Tudo o que o Rui refere atrás chama-se jornalismo. O entretenimento não quer, nem tem que ter as mesmas preocupações. As entrevistas, as visitas, as análises, as antevisões não têm obrigatoriedade de partilhar qualquer sentido crítico. Servem, prioritariamente, para entreter. Por essa razão, as editoras vão concentrar as suas baterias nestes novos “media”. O que nos conduz a outra curiosidade. Enquanto as revistas e os sites são por norma compostos por uma equipa, os youtubers são uma pessoa. Bombardeados que estão a ser, como a nova coqueluche para a promoção de produto, estão afundados nos AAA da actualidade, e no que interessa às editoras promover. Espaço para outros jogos, é inexistente (a menos que sejam os jogos e as séries que sempre lhes deram a grande base de fãs como Minecraft, Fifa, CS, entre outros).

pewdiepie-tuber-simulator

Juntemos então tudo no mesmo saco. Youtubers que querem entreter, editoras que passam a querer esta promoção, ausência de crítica, e agora juntemos o ingrediente que torna tudo isto muito preocupante: qualquer um pode fazer um não jogo e pôr à venda no Steam ou noutras lojas. Chegamos então à conclusão para a qual este artigo caminha desde o início:

Nunca, como antes, foi tão necessária uma curadoria de videojogos.

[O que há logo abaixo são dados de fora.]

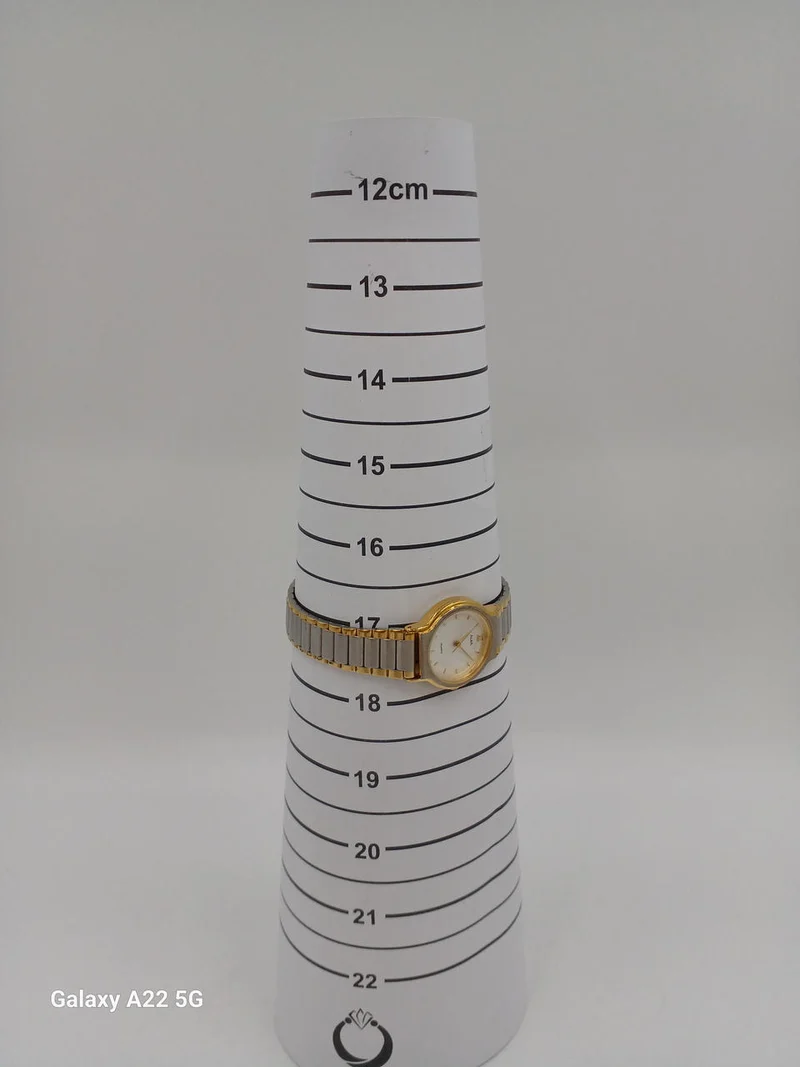 SEIKO ALBA V801-0200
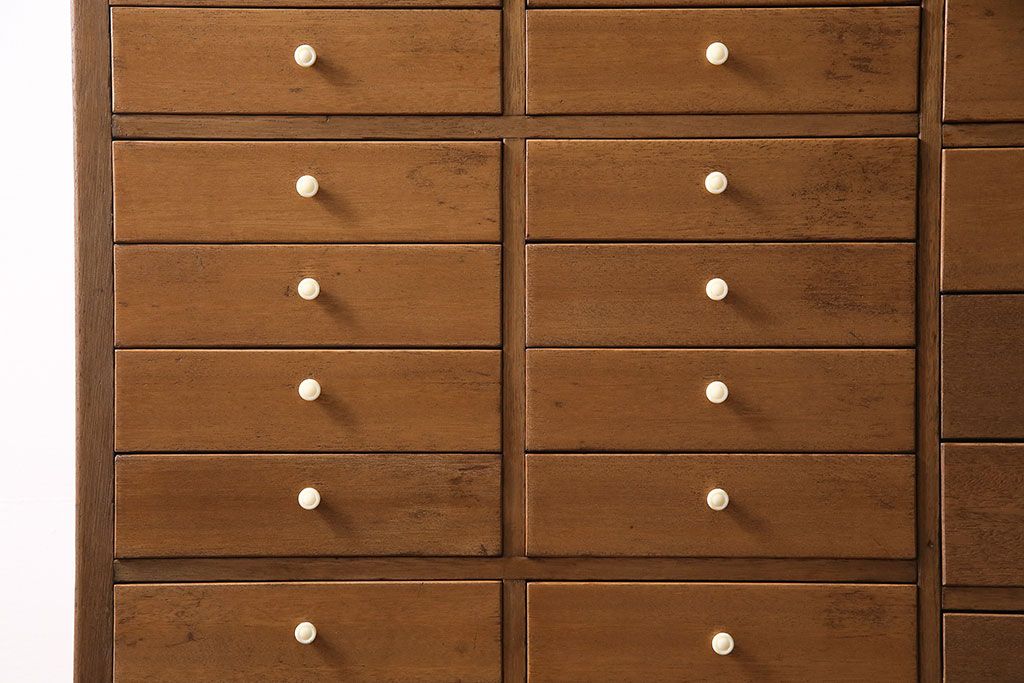 キャビネットをリペア&カスタム!ガラスをゆらゆらガラスへ入れ替え。欠損した取っ手を取り付け。棚はセパレートさせ、可動式の棚板を設置。塗装を剥離し明るい色味に着色し仕上げ。(収納棚、引き出し)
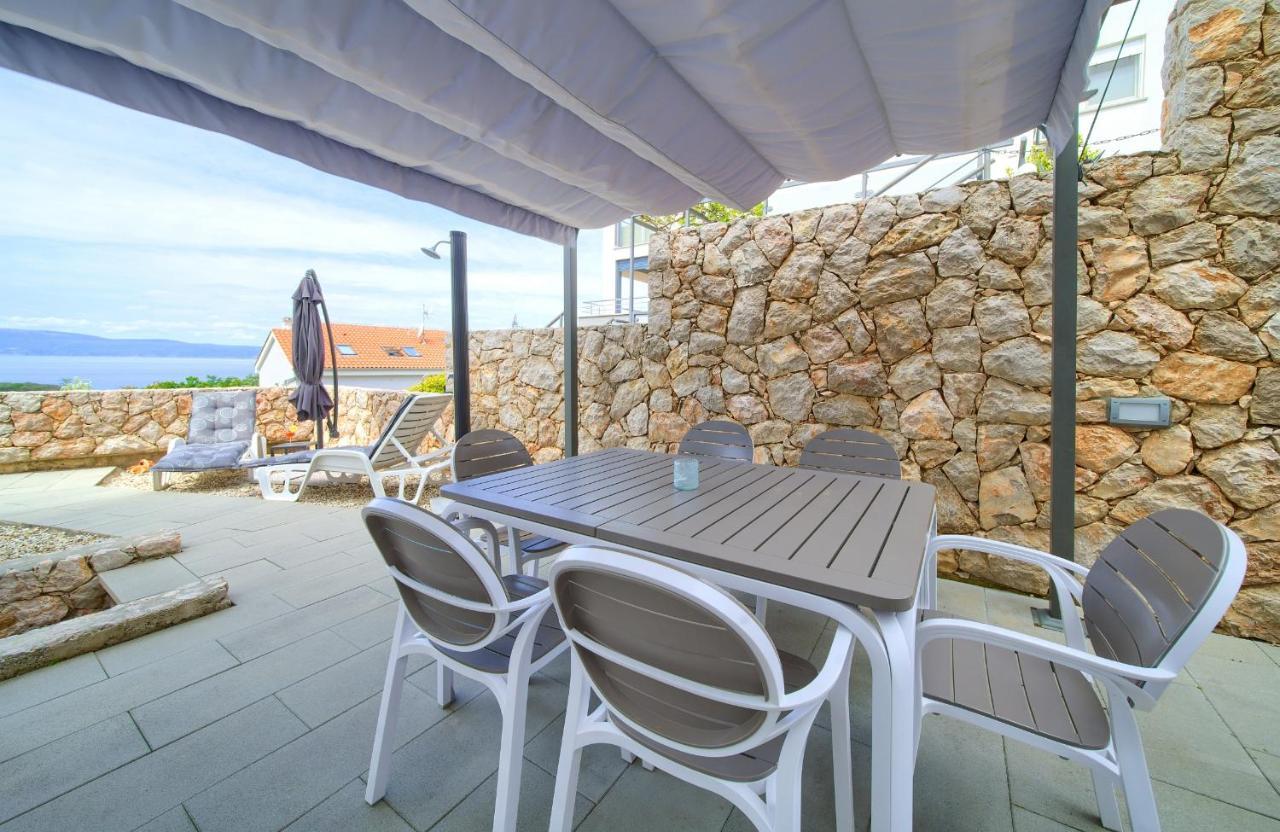 Villa Solis Lacus Modern Apartment - Private Heated Pool - Smart Tv Sky X - Free Parking Njivice Dış mekan fotoğraf
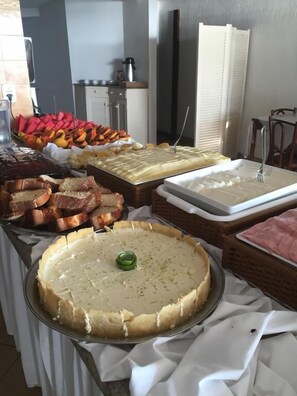 Café da manhã com buffet grátis todos os dias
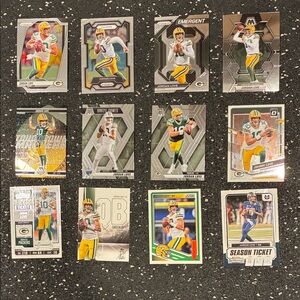 Panini Green & Gold Jordan Love Trading Card Lot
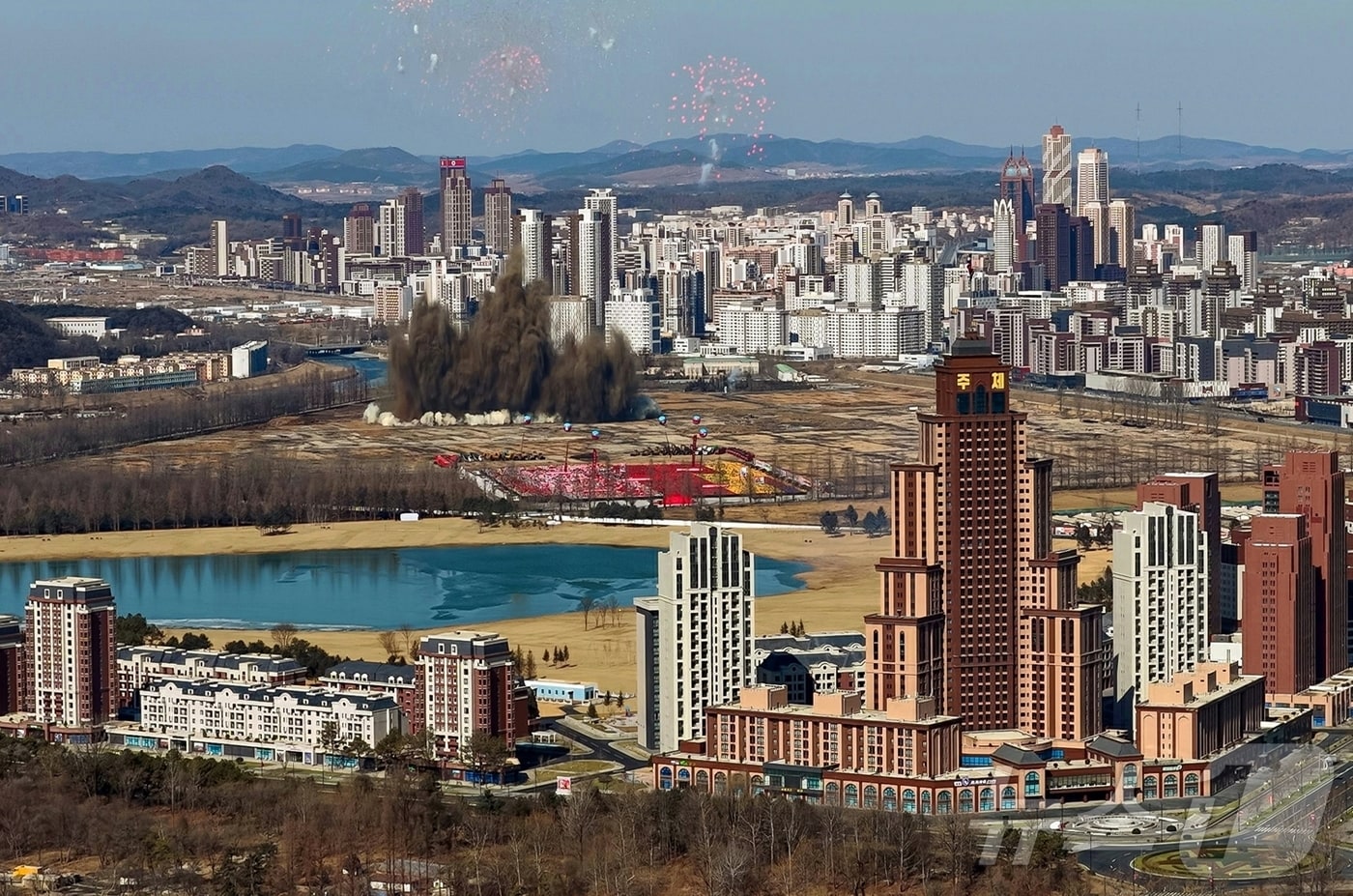 (평양 노동신문=뉴스1) = 북한 노동당 기관지 노동신문은 김정은 당 총비서 참석 하에 지난 18일 '화성지구 5단계' 건설 착공식이 진행됐다고 19일 보도했다. [국내에서만 사용가능. 재배포 금지. DB 금지. For Use Only in the Republic of Korea. Redistribution Prohibited] rodongphoto@news1.kr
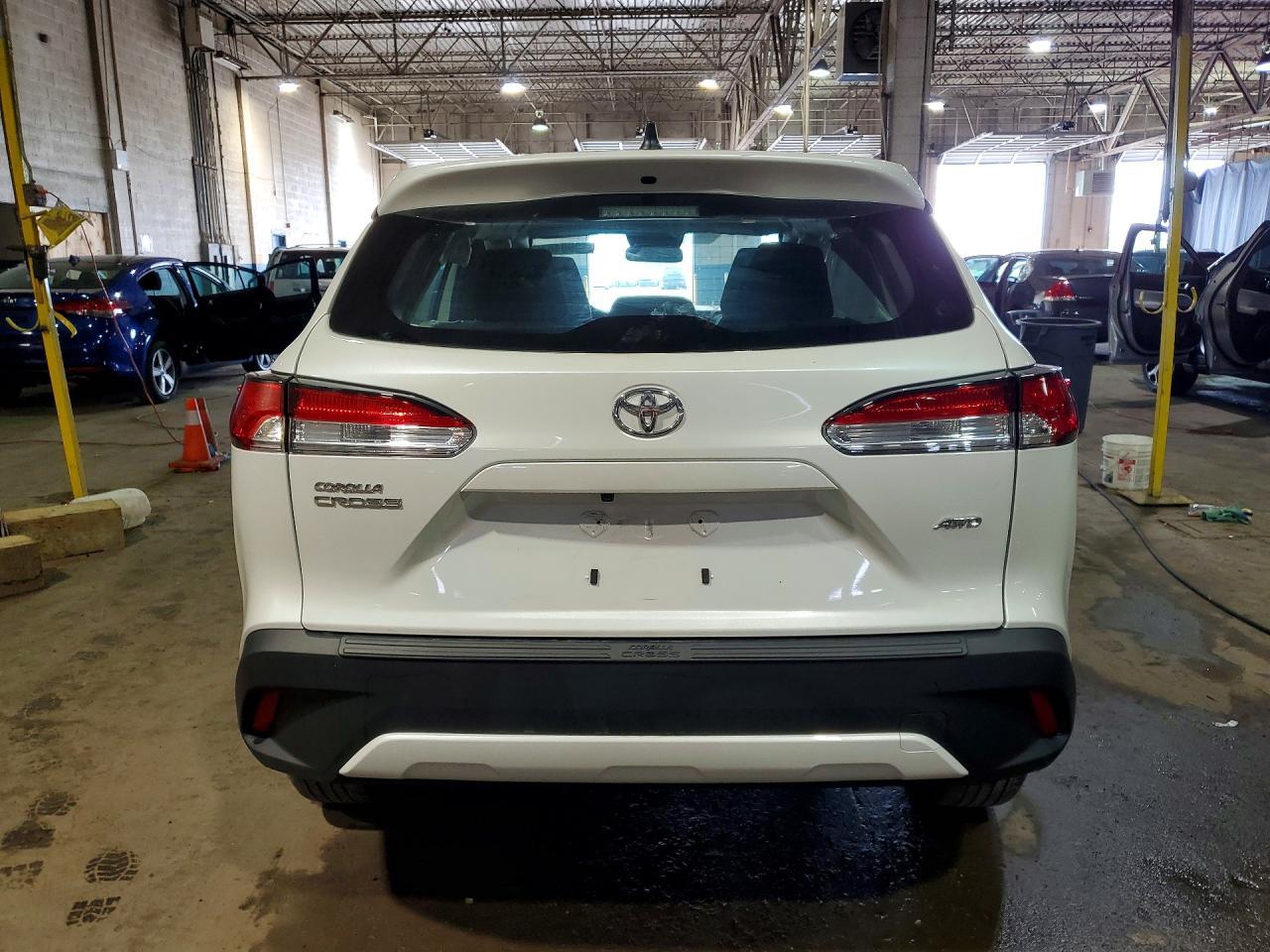 2024 Toyota Corolla Cross L - Фото 6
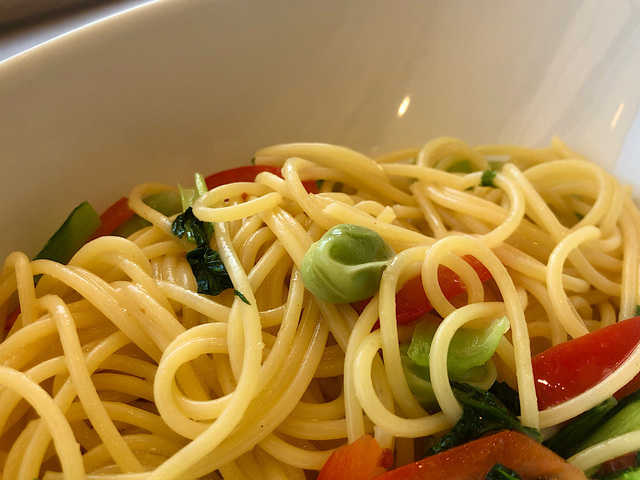 【タリーズコーヒー　彩り野菜と利尻昆布だしの和風ペペロンチーノセット】そら豆の食感と美味しさが良いアクセント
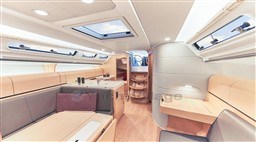 0371c_wjul9_voilier_dehler_38_sq_-_int_rieur_3_.jpg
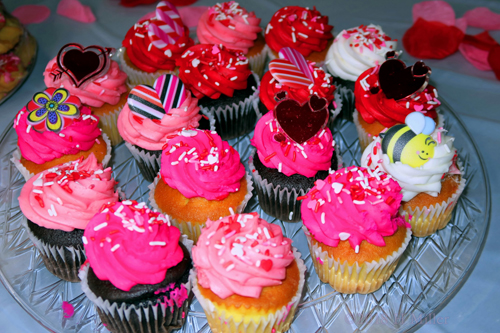 Pink Birthday Cupcakes For The Birthday Girl! Pink Birthday Cupcakes For The Birthday Girl!
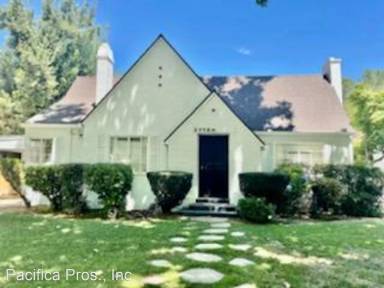Main picture of 2773 Land Park Dr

Não me refiro a uma postura de superioridade intelectual ou moral sobre os videojogos. Longe de mim. Mas é preciso separar o trigo do joio, encontrar a agulha no palheiro. É preciso uma postura de tentar procurar e encontrar o melhor que por aí se faz, saber escarafunchar na porcaria, passar por muitos Gynophobias e outros, até encontrar as pérolas. O Ricardo, aqui do burgo, encontra muitos. Mas não está só. Tem com ele uma equipa que faz essa pesquisa e essa triagem, que passa horas a experimentar jogos terríveis ou injogáveis, para no entanto descobrir e levar aos jogadores aquela obra genial que poderia passar despercebida. Porque uma equipa tem esse tempo, e porque uma equipa tem esse propósito. Acho que foi isso que nos trouxe a todos aqui: partilhar aquilo que gostamos. Este artigo também não é apenas sobre o Rubber Chicken. Há mais a fazer o que fazemos. E têm de surgir mais. Na escrita, e no vídeo. Para que um dos momentos que se está a mostrar a maior explosão criativa de toda a história dos videojogos, consiga levar esses jogos aos jogadores. É preciso repensar e reformular os media. E esta é uma discussão que todos devemos ter, quem produz, quem segue, e quem consome.

Agora sim sobre o que é este artigo: é sobre todos nós.

E é sobre o facto de sempre que nos rirmos com um tiro numa das bordas, existir um Punch Club que fica por descobrir e jogar.